2023.7.25市民生活に支障、早期解決を

 7月10日前後に降り続いた大雨により、市内各所での甚大な被害は確認されていないが、芦辺町の中山干拓中央線(芦辺町クオリティライフセンターつばさ周辺)が、大雨の影響で冠水し、周囲の道路は一時、通行止めとなった。頻繁に起こる冠水に「大雨が降れば、同道路は通行止めになるものだ」と当たり前のように認識している。しかし、今後も大雨や豪雨は間違いなく起きる。その度、道路は冠水し、通行止めの対応を続けていいものなのか。

 同道路は、多くの市民が頻繁に通行する生活道路。通行止めとなった道路周辺は谷江川下流に位置し、田んぼや畑に囲まれている立地から冠水しやすい場所。また、周辺地よりも若干道路が下がった状態になり、満潮時と大雨が重なった場合、水が溜まりやすい形状となっていることから、早急な対策への声は以前から上がっている。

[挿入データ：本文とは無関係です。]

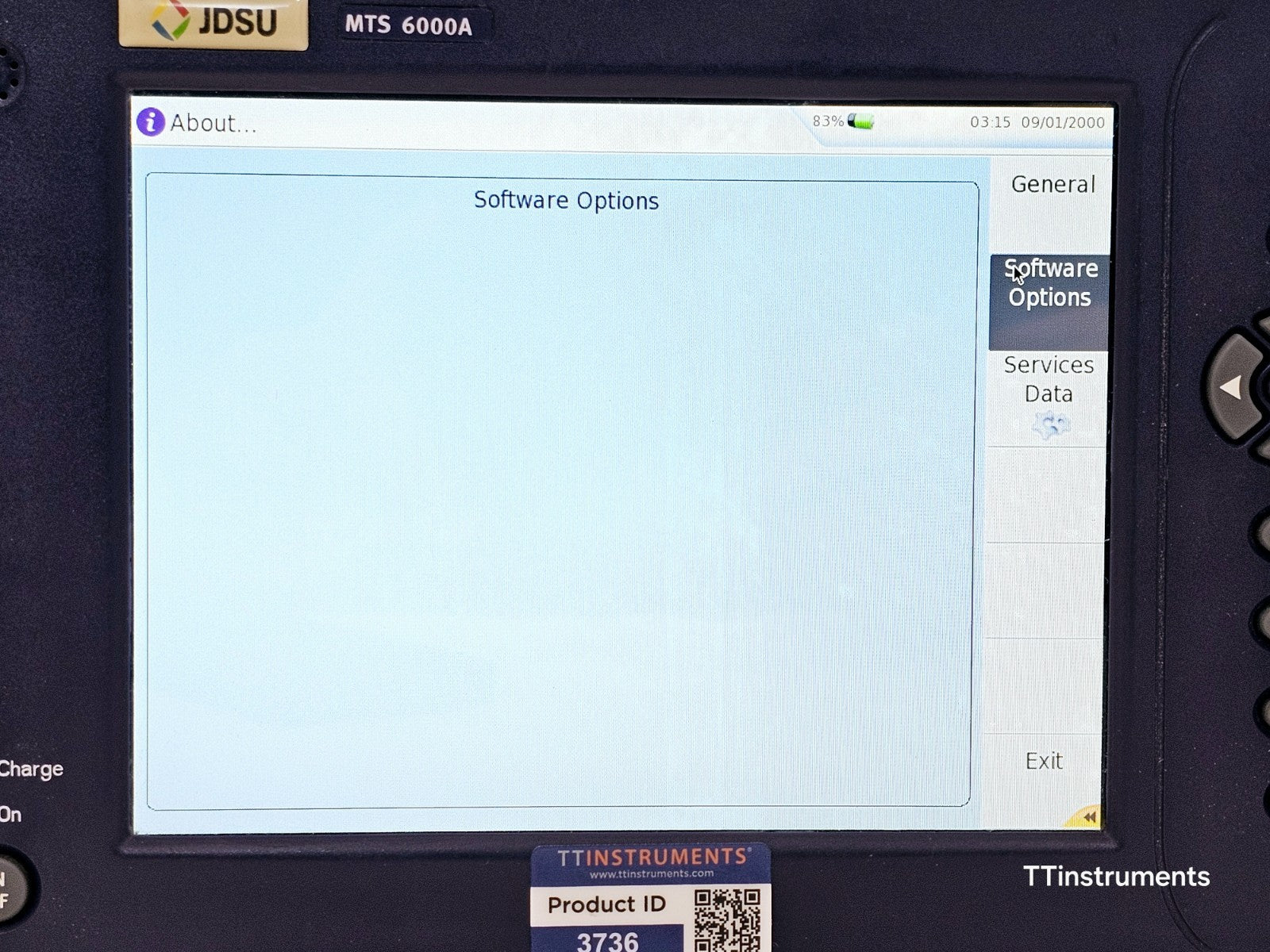Viavi JDSU MTS 6000A V2 + 8126 B-FCOMP SM OTDR 1310/1550nm 40dB IL ORL Bi-Direct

 2019年8月28日に発生した豪雨は、同道路に大規模な冠水被害をもたらした。同日未明から降り続いた大雨は、本市で400㍉を超える記録となった。大雨と満潮時が重なったため、道路周辺は、冠水により通行止めとなり、通過する車両は迂回路に回された。

 同年、市議会12月会議の一般質問で、市山繁議員は「同道路は、大雨のたびに冠水している。道路は常に通行できること、水没しないことが当たり前」とし、市に対して道路のかさ上げによる対策を要求した。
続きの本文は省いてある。